Less well known is that Army planners are preparing for quite a different scenario: that they will have to sustain, through multiple rotations, the current number of troops for another four years.

"We are now into '07-'09 in our planning," Gen. Peter Schoomaker, the Army chief of staff, said in an Associated Press interview Saturday. By that he meant his planners are sketching out which combat and support units can be called upon to sustain the current force levels through 2009.

Since decisions about future troop levels are not his to make, Schoomaker is planning for the "worst case" in terms of what will be required in the years ahead. He said the number could be adjusted lower, if called for, by slowing the force rotation or by shortening tours for soldiers.

Schoomaker said commanders in Iraq and others who are in the chain of command will decide how many troops will be needed next year and beyond. His responsibility is to provide them, trained and equipped.

About 138,000 U.S. troops, including about 25,000 Marines, are now in Iraq.

Schoomaker's comments come amid indications from Bush administration officials and commanders in Iraq that the size of the U.S. force may be scaled back next year if certain conditions are achieved.

Among those conditions: an Iraqi constitution must be drafted in coming days; it must be approved in a national referendum; and elections must be held for a new government under that charter.
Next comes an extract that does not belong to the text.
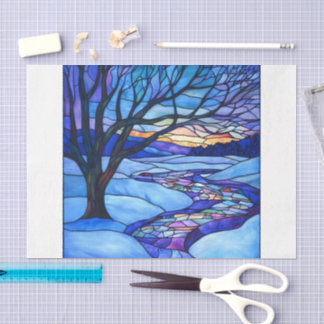 Papel De Seda Florestas de Inverno de Vitral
Schoomaker, who spoke aboard an Army jet on the trip back to Washington from Kansas City, Mo., made no predictions about the pace of political progress in Iraq. But he said he was confident the Army could provide the current number of forces to fight the insurgency for many more years. The 2007-09 rotation he is planning would go beyond President Bush's term in office, which ends in January 2009.

Schoomaker was in Kansas City for a dinner Friday hosted by the Military Order of the World Wars, a veterans organization.
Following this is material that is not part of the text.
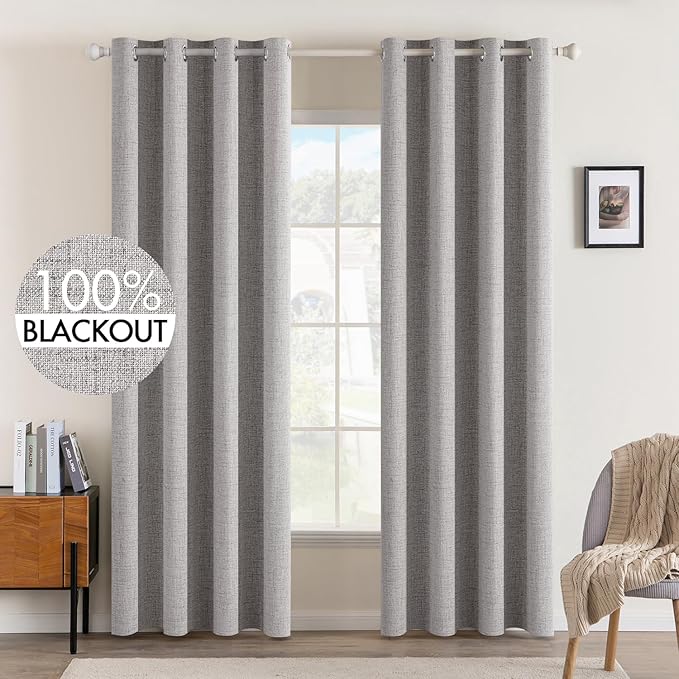 MIULEE 100% Blackout Linen Curtains by MIULEE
"We're staying 18 months to two years ahead of ourselves" in planning which active-duty and National Guard and Reserve units will be provided to meet the commanders' needs, Schoomaker said in the interview.

The main active-duty combat units that are scheduled to go to Iraq in the coming year are the 101st Airborne Division, based at Fort Campbell, Ky., and the 4th Infantry Division from Fort Hood, Texas. Both did one-year tours earlier in the war.

The Army has changed the way it arranges troop rotations.

Instead of sending a full complement of replacement forces each 12-month cycle, it is stretching out the rotation over two years.